### REQUIRED ACTION
Once the line with "melhor horario para jogar slot" is found in the data, output it and each following line exactly, up to and including the line with "where f is some given function.", and nothing before or after.

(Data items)
== Segment start ==
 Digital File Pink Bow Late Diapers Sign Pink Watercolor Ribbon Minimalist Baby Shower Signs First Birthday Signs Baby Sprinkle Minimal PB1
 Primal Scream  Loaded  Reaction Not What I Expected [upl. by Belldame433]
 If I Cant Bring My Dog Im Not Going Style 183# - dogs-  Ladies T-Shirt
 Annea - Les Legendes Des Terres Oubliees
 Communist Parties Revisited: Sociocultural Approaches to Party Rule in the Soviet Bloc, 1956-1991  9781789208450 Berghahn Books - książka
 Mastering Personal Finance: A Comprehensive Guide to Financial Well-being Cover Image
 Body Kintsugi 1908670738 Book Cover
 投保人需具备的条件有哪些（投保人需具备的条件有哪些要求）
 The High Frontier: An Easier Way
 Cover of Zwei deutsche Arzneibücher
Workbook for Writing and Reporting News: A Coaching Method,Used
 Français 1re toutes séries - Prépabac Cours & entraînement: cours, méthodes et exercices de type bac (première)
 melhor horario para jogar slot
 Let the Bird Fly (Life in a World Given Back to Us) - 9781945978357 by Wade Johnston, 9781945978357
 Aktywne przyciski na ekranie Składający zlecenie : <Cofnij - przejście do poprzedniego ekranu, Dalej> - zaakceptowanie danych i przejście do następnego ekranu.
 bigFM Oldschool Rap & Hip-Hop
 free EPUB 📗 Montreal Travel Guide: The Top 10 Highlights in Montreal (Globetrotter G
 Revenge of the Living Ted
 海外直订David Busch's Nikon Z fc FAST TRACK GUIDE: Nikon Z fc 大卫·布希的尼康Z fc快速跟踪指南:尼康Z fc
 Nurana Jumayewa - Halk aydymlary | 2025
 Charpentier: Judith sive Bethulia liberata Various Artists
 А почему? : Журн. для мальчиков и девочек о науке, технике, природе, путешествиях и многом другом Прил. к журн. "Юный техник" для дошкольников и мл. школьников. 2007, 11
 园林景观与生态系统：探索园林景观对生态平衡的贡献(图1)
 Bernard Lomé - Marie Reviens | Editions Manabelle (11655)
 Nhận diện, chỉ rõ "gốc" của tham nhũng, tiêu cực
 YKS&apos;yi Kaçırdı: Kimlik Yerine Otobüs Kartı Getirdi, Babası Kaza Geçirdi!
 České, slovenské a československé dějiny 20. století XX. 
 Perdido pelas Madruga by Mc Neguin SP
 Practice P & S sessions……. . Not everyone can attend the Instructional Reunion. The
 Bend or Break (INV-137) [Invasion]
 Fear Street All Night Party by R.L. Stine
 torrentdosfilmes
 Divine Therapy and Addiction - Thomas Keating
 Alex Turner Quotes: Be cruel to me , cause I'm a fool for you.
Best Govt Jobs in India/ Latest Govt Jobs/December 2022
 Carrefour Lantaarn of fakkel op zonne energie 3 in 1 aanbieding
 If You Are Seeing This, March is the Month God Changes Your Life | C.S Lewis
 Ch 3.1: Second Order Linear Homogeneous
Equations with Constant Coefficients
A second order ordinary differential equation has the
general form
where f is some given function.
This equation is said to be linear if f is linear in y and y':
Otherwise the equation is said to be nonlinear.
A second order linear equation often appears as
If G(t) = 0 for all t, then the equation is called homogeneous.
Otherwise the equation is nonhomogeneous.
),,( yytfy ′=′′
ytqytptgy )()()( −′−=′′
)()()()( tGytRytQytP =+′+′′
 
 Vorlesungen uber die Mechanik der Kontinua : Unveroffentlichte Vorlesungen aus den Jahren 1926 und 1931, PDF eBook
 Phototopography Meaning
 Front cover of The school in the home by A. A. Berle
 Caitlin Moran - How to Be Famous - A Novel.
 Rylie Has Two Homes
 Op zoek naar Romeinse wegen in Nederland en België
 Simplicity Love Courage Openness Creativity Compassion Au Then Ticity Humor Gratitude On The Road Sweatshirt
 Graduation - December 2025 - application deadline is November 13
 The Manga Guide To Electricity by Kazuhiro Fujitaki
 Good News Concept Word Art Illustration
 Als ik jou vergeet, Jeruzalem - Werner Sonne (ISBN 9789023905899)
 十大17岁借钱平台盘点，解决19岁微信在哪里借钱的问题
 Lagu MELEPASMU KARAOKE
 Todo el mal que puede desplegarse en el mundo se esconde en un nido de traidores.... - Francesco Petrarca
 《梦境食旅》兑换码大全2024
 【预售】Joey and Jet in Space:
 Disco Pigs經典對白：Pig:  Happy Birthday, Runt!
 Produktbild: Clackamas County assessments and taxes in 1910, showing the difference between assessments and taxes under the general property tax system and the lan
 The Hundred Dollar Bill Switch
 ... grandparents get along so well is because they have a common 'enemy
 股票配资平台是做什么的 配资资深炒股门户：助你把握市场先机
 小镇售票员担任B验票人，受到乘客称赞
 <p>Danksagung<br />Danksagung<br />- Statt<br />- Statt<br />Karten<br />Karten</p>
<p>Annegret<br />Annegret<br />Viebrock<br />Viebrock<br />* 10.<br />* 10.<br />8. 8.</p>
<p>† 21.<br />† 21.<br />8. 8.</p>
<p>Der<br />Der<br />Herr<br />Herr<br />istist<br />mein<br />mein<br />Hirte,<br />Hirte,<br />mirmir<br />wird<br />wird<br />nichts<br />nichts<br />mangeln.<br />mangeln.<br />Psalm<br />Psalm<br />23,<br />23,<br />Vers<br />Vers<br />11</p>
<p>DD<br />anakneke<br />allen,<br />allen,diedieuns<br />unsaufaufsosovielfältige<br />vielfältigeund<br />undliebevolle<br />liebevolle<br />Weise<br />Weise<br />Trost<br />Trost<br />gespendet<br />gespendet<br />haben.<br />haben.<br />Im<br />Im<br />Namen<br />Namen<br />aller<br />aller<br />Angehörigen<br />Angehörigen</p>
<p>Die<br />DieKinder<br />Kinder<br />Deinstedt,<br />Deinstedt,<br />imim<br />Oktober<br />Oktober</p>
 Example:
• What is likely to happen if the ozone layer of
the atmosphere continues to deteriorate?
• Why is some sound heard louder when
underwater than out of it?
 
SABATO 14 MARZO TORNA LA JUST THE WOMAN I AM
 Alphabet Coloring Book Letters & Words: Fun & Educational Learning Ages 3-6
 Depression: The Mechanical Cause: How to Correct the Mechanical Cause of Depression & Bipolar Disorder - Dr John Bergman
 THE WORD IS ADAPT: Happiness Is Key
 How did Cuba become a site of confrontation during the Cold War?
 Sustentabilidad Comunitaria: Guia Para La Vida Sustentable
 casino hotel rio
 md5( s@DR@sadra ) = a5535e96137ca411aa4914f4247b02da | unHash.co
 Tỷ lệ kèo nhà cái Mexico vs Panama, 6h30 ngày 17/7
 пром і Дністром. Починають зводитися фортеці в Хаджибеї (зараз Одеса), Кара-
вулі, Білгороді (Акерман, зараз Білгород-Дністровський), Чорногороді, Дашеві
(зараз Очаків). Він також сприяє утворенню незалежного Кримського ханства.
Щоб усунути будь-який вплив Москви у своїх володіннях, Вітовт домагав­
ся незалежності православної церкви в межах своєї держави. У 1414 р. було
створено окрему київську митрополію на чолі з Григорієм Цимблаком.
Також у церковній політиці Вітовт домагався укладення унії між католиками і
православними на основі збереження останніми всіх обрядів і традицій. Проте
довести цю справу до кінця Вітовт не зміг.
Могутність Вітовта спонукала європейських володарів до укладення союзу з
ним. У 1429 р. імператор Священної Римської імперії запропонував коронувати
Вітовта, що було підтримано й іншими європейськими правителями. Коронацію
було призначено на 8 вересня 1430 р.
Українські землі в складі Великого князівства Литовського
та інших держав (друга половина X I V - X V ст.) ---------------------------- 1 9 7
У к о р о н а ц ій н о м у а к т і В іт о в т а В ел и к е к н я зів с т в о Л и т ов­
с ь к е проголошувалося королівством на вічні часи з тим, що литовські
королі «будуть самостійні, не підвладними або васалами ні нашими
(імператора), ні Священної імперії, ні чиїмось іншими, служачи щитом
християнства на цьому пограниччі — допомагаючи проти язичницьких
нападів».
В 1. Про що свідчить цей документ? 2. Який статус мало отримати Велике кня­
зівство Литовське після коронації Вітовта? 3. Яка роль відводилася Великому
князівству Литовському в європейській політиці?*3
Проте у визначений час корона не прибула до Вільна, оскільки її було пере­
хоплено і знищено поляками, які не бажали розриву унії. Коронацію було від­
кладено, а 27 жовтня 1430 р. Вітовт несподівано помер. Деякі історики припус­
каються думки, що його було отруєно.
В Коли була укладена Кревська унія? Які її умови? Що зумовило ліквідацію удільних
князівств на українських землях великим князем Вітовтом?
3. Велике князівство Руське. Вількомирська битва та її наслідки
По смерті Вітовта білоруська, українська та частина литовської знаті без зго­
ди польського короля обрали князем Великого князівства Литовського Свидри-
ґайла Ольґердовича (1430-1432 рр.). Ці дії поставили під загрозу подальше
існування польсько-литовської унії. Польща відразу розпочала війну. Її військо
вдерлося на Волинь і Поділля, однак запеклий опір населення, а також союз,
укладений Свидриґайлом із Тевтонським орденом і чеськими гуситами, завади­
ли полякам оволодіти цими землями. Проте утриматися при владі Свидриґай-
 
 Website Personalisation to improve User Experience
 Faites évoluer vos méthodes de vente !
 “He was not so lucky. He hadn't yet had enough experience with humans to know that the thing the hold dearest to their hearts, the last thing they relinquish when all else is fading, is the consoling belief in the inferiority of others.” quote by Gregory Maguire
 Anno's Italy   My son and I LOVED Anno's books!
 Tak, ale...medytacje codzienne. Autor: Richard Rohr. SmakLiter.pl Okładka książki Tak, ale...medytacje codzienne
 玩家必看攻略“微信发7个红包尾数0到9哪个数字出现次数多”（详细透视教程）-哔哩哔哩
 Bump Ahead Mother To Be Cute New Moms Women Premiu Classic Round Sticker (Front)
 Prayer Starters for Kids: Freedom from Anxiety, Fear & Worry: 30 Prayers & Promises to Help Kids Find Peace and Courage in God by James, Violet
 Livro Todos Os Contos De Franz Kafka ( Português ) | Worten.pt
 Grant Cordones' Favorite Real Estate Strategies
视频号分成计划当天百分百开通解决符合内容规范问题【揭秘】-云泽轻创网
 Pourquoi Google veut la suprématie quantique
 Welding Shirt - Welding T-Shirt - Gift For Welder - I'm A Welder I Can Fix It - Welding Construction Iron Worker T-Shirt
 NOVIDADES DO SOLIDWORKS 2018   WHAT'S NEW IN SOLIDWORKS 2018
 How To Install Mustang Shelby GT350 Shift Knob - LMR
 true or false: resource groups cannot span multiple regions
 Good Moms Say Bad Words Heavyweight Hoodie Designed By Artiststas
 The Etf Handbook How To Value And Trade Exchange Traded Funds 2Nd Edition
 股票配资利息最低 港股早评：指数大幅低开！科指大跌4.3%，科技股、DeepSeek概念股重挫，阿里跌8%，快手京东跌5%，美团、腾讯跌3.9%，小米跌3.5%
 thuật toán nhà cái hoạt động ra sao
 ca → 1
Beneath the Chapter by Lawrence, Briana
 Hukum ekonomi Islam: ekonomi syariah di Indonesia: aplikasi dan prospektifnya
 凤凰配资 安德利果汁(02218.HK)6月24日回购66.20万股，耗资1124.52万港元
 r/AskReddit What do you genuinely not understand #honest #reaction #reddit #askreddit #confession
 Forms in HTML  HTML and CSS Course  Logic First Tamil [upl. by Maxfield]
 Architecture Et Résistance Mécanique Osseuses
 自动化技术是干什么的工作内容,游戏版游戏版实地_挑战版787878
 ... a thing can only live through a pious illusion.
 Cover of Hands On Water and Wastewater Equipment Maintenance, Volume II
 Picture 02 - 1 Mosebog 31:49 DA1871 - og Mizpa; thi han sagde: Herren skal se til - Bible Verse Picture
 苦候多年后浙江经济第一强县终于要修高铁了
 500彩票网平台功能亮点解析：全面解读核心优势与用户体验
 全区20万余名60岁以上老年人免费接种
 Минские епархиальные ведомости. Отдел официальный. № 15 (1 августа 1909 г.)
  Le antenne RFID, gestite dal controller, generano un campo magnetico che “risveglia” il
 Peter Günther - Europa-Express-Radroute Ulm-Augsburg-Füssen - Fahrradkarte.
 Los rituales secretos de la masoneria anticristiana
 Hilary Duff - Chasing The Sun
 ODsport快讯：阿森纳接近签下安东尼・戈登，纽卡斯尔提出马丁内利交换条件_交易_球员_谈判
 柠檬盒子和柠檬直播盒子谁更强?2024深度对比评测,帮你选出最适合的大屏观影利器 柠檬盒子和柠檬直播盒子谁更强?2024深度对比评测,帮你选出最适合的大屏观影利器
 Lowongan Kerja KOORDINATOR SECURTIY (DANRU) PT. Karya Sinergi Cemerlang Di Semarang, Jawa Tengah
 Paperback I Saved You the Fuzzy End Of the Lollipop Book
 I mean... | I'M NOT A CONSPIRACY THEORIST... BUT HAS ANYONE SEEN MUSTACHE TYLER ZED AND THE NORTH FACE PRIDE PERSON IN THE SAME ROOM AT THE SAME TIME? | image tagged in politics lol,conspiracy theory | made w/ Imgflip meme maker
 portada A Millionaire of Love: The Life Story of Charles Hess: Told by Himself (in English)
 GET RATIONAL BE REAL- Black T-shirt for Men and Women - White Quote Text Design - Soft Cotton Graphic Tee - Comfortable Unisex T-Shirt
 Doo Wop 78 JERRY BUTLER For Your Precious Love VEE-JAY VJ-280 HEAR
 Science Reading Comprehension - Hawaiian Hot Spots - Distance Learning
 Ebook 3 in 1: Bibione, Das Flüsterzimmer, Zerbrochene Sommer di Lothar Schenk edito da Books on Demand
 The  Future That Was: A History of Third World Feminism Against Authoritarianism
== Segment end ==
### ANSWER AREA
 melhor horario para jogar slot
 Let the Bird Fly (Life in a World Given Back to Us) - 9781945978357 by Wade Johnston, 9781945978357
 Aktywne przyciski na ekranie Składający zlecenie : <Cofnij - przejście do poprzedniego ekranu, Dalej> - zaakceptowanie danych i przejście do następnego ekranu.
 bigFM Oldschool Rap & Hip-Hop
 free EPUB 📗 Montreal Travel Guide: The Top 10 Highlights in Montreal (Globetrotter G
 Revenge of the Living Ted
 海外直订David Busch's Nikon Z fc FAST TRACK GUIDE: Nikon Z fc 大卫·布希的尼康Z fc快速跟踪指南:尼康Z fc
 Nurana Jumayewa - Halk aydymlary | 2025
 Charpentier: Judith sive Bethulia liberata Various Artists
 А почему? : Журн. для мальчиков и девочек о науке, технике, природе, путешествиях и многом другом Прил. к журн. "Юный техник" для дошкольников и мл. школьников. 2007, 11
 园林景观与生态系统：探索园林景观对生态平衡的贡献(图1)
 Bernard Lomé - Marie Reviens | Editions Manabelle (11655)
 Nhận diện, chỉ rõ "gốc" của tham nhũng, tiêu cực
 YKS&apos;yi Kaçırdı: Kimlik Yerine Otobüs Kartı Getirdi, Babası Kaza Geçirdi!
 České, slovenské a československé dějiny 20. století XX. 
 Perdido pelas Madruga by Mc Neguin SP
 Practice P & S sessions……. . Not everyone can attend the Instructional Reunion. The
 Bend or Break (INV-137) [Invasion]
 Fear Street All Night Party by R.L. Stine
 torrentdosfilmes
 Divine Therapy and Addiction - Thomas Keating
 Alex Turner Quotes: Be cruel to me , cause I'm a fool for you.
Best Govt Jobs in India/ Latest Govt Jobs/December 2022
 Carrefour Lantaarn of fakkel op zonne energie 3 in 1 aanbieding
 If You Are Seeing This, March is the Month God Changes Your Life | C.S Lewis
 Ch 3.1: Second Order Linear Homogeneous
Equations with Constant Coefficients
A second order ordinary differential equation has the
general form
where f is some given function.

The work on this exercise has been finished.